What’s Next Under Ontario’s New Government?
On June 7, 2018, Ontario’s Progressive Conservative (PC) party won a majority of seats in the Ontario election. Before the end of June, the PC party will form Ontario’s next government, led by Premier-elect Doug Ford. Over the course of the election campaign, the PC party released its Plan for the People and made a number of promises and statements related to energy policy and their plans if elected. Below are six areas we think will be interesting.
- Cap and Trade: The PC party has promised to end the Cap and Trade system, and has also indicated that (much like the Saskatchewan government) it does not support the federal government’s backstop carbon price. It is not clear how the new Ontario government will proceed to undo the current Cap and Trade system. That will require new legislation, as well as withdrawal from agreements with Ontario’s Western Climate Initiative partners (Quebec and California). None of this can happen immediately, and obligations of Ontario emitters will continue in the meantime. Even after the end of Cap and Trade, Ontario consumers may still pay a carbon tax if it is found that the Federal backstop carbon price applies. If there is no carbon tax, then there will be no related revenues to support carbon-reduction initiatives. There will also be an important question of how to address the compliance obligations of Ontario emitters up to the time that the Cap and Trade system is ended in Ontario. Presently, Ontario emitters will have to satisfy their compliance obligations for a first “compliance period” of 2017 to 2020 after the end of that compliance period. If the Cap and Trade system is ended before that time, then it may be that Ontario emitters will only have to satisfy compliance obligations for a shorter compliance period. Or it could be the case that all past compliance obligations will be forgiven – though that might be seen as unfair to those who have been spending money to be in compliance up to this point. Presumably, this item will become clearer in the coming months to address uncertainty from Ontario emitters who will want to know how to participate in upcoming Cap and Trade allowance auctions (the next auction is set for August 2018).

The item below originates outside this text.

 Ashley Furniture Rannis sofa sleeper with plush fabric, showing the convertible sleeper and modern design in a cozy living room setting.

- Hydro One: The PC party has indicated that it will “fire” the CEO of Hydro One (and potentially other executives). Apparently, doing this will require replacing some or all of Hydro One’s Board of Directors and paying substantial severance costs. It’s not clear that this step will change consumer electricity costs since only a portion of Hydro One executive costs are included in rates and these costs are a very small fraction of overall electricity system costs. However, changing the Board and management of Hydro One (assuming this is possible) might give the Ontario government more control over the future direction of Hydro One. It should be noted, though, that Hydro One’s “Governance Agreement” (described here) provides that where the Ontario government chooses to “fire” the current Hydro One Board, the Ontario government must then work with the other largest shareholders to determine who will be nominated to be part of the replacement Board.
- Electricity Costs: The PC party has indicated that it will lower electricity rates by 12%, beyond the reductions already seen from the “Fair Hydro Plan.” Among other things, the new Ontario government will maintain the “Fair Hydro Plan” (notwithstanding criticisms from the Auditor General), and will redirect its dividend from Hydro One to reduce costs (perhaps to transmission rates?) and will fund conservation programs from tax revenues rather than through distribution rates. Further details are needed in order to understand how these initiatives (and presumably other additional initiatives) will lead to the promised electricity rate reductions.

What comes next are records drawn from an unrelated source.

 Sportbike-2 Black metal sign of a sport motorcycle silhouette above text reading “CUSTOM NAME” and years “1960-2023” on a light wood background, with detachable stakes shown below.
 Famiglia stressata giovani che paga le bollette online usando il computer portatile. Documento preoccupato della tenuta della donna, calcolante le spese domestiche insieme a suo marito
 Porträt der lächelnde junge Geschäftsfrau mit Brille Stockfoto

- Long-Term Energy Plan (LTEP) and Climate Change Action Plan (CCAP) : The 2017 LTEP and the CCAP set out the prior Liberal government’s plans, strategies and philosophies related to climate change and energy system needs. The new PC government clearly has different priorities and philosophies, starting from the plan to undo the Cap and Trade system. It can be expected, therefore, that many of the initiatives and proposals set out in the 2017 LTEP and the CCAP will be no longer be pursued, and may be replaced. This leaves interesting questions as to the future of the GreenON Fund (which uses Cap and Trade revenues to fund projects), and the activities currently being supported by GreenON. It also leaves open the question of what will happen with the activities and plans set out in the LTEP implementation plans issued by the OEB and the IESO. Presumably, in the upcoming months we will see some direction from the new government that will make its next steps clear.
- Green Energy Act and Long-Term Contracts: The PC party has promised to abolish the Green Energy Act and to terminate existing long-term renewable electricity supply contracts where that is possible. As we have written previously, it is not clear whether and how this can be done without legal exposure, and without potential costs to taxpayers that could arise from generators enforcing their contractual rights and/or seeking remedies under international investor protection agreements. It is clear, though, that the PC government will be able to update legislation to impact on the future procurement of electricity supply.
- Roles and Responsibilities of the Regulators and Planners: The roles and responsibilities of the OEB and the IESO reflect the direction and expectations of Ontario’s Liberal government over the past 15 years. It may be that a PC government has different priorities and expectations for these agencies. If so, that might be reflected in updated legislation and Ministerial Directives.
Along with all Ontarians, we will follow the early months of the new Ontario government with great interest. We will report on the energy-related decisions and developments as they happen.